Take the material below and extract the lines from the one with "Poster mural Sofá" through the one with "Icons Social Media", word for word, without pictures.

= Data provided =
──────────
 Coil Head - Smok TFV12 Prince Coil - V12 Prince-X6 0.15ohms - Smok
──────────
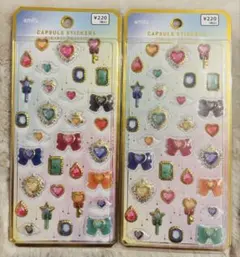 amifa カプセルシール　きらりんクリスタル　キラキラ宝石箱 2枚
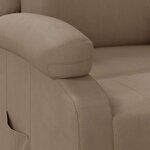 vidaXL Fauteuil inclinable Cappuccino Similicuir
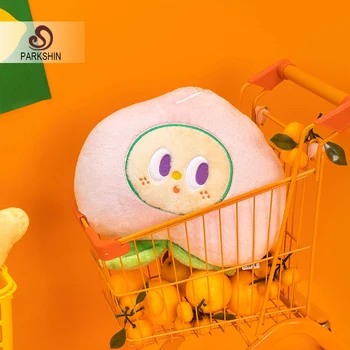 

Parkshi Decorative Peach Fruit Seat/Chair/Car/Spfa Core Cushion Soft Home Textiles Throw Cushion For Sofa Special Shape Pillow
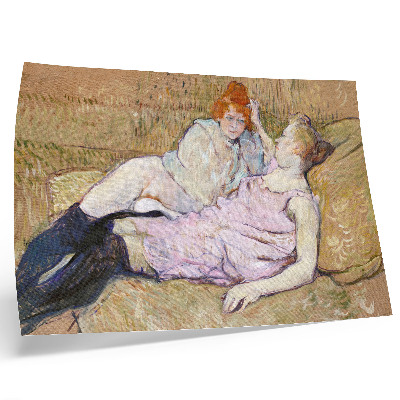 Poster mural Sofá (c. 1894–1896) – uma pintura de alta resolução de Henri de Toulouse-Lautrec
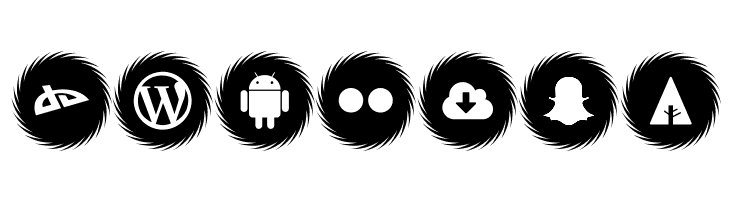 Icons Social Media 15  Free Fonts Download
──────────
= Solution =
 Poster mural Sofá (c. 1894–1896) – uma pintura de alta resolução de Henri de Toulouse-Lautrec
 Icons Social Media 15  Free Fonts Download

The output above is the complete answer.